What is my energy today?- 10 of Swords (Universal Fantasy & Ma'at)

The number 10 indicates that something is over but not finished and about to begin again - completion and perfection. The suit of Swords is associated with reason, thought, logic, will, courage, verbal skill, matters pertaining to the mind, communication and the element of air. The 10 of Swords can be something of a harsh card, an experience which may help us move forward but leaves scars.
The Universal Fantasy 10 of Swords shows a huge winged creature (perhaps a dragon) lying before a gate. Blood streams forth from this body. In the forefront of the card is a much smaller figure holding a sword. This must be the warrior who slew the dragon guarding that gate.
The Ma'at 10 of Swords shows a nude figure pierced by swords and stretched out on the floor before an altar. A stream of blood mars the altar's white finish. The room appears cavernous and dark except for three windows cut high on the walls. A statue of a Roman figure stands on the ride side of the room. Opposite the blood-stained altar is a carving of a man, woman and child dressed in Greek or Roman garb. Is the figure a sacrifice or a murder victim? There is a lonely and desolate feel to this image. As if this person was offered to gods who are no longer there to hear.
So what is this energy? Is it about being the sacrificial victim to a cause that no longer exists? Am I sacrificing my energy, my happiness and my future for a useless goal? Am I letting the my own mindset and perceptions creating a situation that I cannot move beyond? Maybe I'm the one who left that figure in the temple on the Ma'at 10 of Swords. Maybe I'm sacrificing my intelligence on the altar of wishful thinking. Maybe I need to slay the dragon of my own fears and worries and wishes and realize that sense is the best way to proceed.

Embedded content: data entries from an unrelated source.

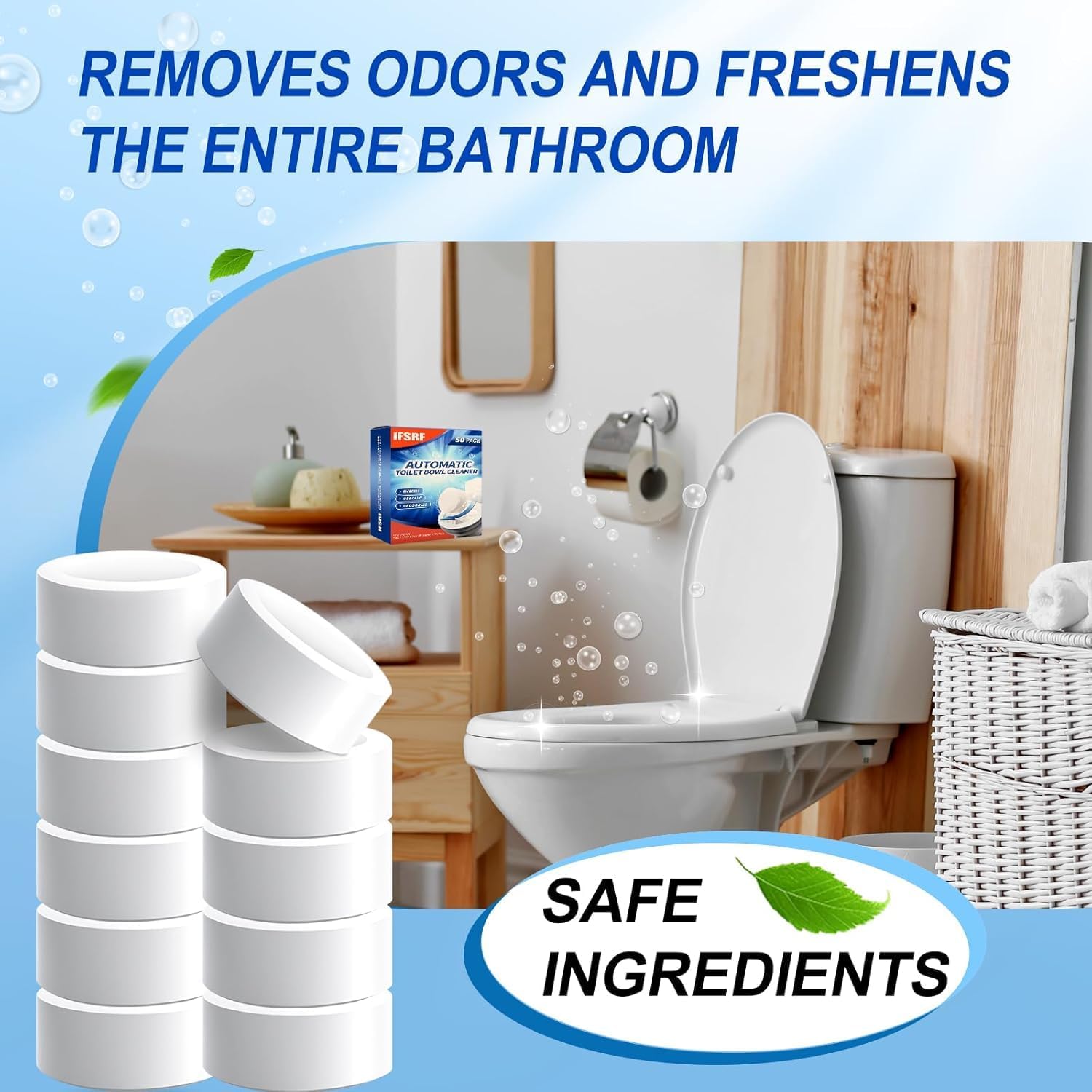 Gumthus Automatic Toilet Cleaner Tablets - 50 Pack AAA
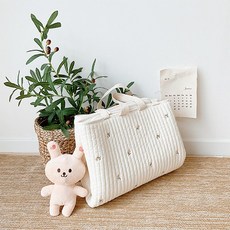 돗투돗X마롤로뜨 누빔 휴대용 소프트 아기매트 어린이집 낮잠이불 여름낮잠이불, 휴대용소프트쿨매트_상큼체리, 1개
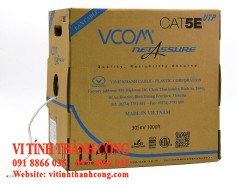 Dây Lan VCOM UTP Cat5E PVC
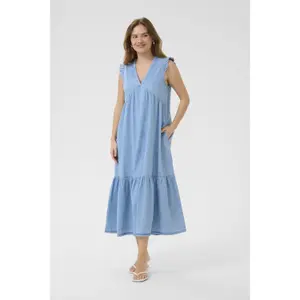 Sleeveless dress for women CULTURE Berteline Arpa image-1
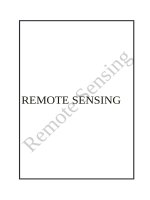 Đề cương ôn thi môn viễn thám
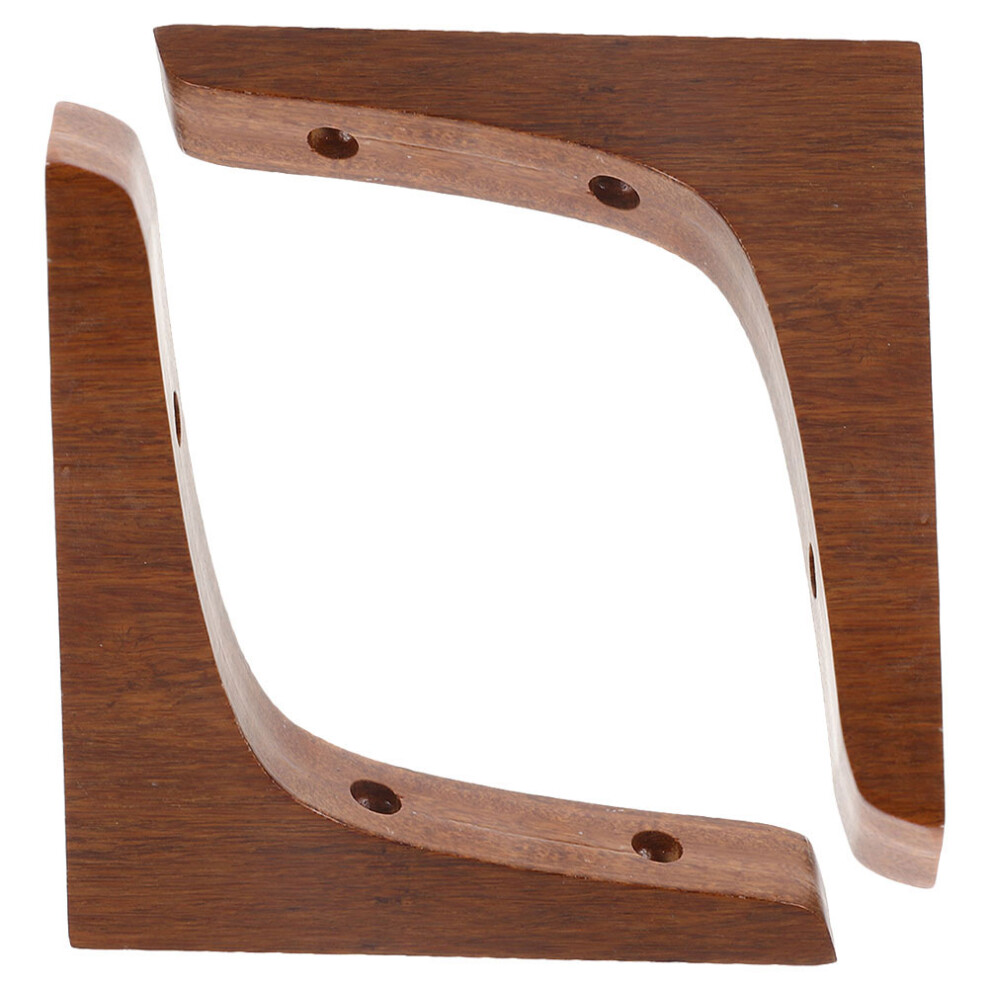 4 Pcs Heavy Duty Wood Shelf Bracket Corner Support Mount 033759344361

I'm tying this in to the current situation with the in-laws. We weren't able to see the truth of the situation because we were wearing rose-colored glasses; clinging to our hopes. We kept trying to convince ourselves that the in-laws were just fine and things could stay the way they were. The reality is that things aren't fine. They definitely need support services and we're the ones who will need to start that machine up. We will need to deal with the gatekeepers at various social service agencies in order to find that help for them. It might very well become like the kind of quest portrayed in the Universal Fantasy 10 of Swords. It may prove to be a long and complex process but if we don't do it now things will only get worse. It might be frustrating and it might be confusing and aggravating but if we stick to it, we will be better for all of us.
On another level I feel rather crappy today. My stomach is bothering me (a touch of acid reflux or something like it) and I've been feeling very down. I think it's a delayed reaction to the anniversary of my brother's murder. Every year I always remember the date in the days leading up to it but one the actual day I just don't focus on it. It's as though it's too painful to remember. Then I have a delayed reaction and feel sad and down for a day or so. It's never going to be okay but I really do prefer to remember his silly, funny, loving side rather than the tragic pain of his loss. I'm getting teary as I write this. It's like a wound that scabs over but once a year that scab gets ripped off and I realize it hasn't actually healed. I guess no one actually gets over something like this when it happens. I don't think I'm special in this regard. It's just that my issues and emotions are the only ones I feel truly qualified to address.
On a positive and happier note, I'm really loving the new BPAL scents I received. I can't decided which ones to try first. And I've found a few new scents that I'd like to order while testing the frimps. I ordered Sed Non Satiata, Lawn Gnome, Litha 2009, Snake Oil and several Carnival Diabolique scents - 4 of Faiza's companions (Australian Copperhead, Boomslang, Coral Snake, and Saw Tooth Viper) and 3 ladies from the Grindhouse (Clemence, Dionysia and Marianne). It's so hard to figure out which one to try first. I'm like a kid in a candy store.